“I was not the same before. It’s very clear in my mind that when I was 12 years old I really liked girls, because at night I used to dream about all the girls of my school. Then, when I was 13 or 14, it switched. I couldn’t accept it, it was very hard. I thought maybe I have to wait a year and I will change. I was thinking that I’m abnormal. My body is that of boy so it’s better if I like women.
I don’t know why my feelings are different. When I see girls, I don’t feel anything. I can’t force myself to like them. But I’m still waiting, because maybe it will change. It’s my dream. The original feeling when I was 12 years old was: I like women. So, I’m thinking that this is me. But I don’t know where that feeling is now. I’m 35 and nothing has changed. Maybe I should just follow the flow of the river, and whatever comes, comes.
When I arrived in Geneva a few years ago, I thought: I have to find someone. I wanted to have someone to travel together, talk together, love together, cook, sleep together (laughs)! I met him on the internet. It was my first time with a man, first kiss, first everything (laughs)! It was… marvellous… ohlala! It was the first time I felt that feeling of love for someone. People dream about heaven, maybe it’s the same feeling when you’re in love. You are happy every day. It lasted 3 years, but it wasn’t a relationship out in the open. After one year he told me he was married to a woman. That’s why he could only see me after he finished work and why we couldn’t go out together. It ended two years ago and I still miss him.

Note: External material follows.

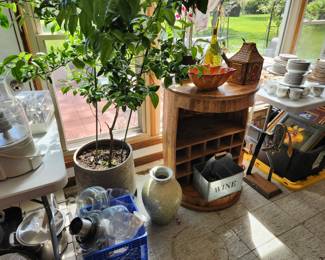 Plants, decor, wine barrel table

When you brake up, it’s a catastrophe! What makes you happy, makes you sad also. Sometimes I feel the world is so unfair. Some people find their love, but I cannot find mine. Why is it like that? If others find, I should find also (laughs)! I’m still hiding myself now. None of my friends or family know. But maybe if I meet someone and I love that person so much, then I won’t be afraid to show.”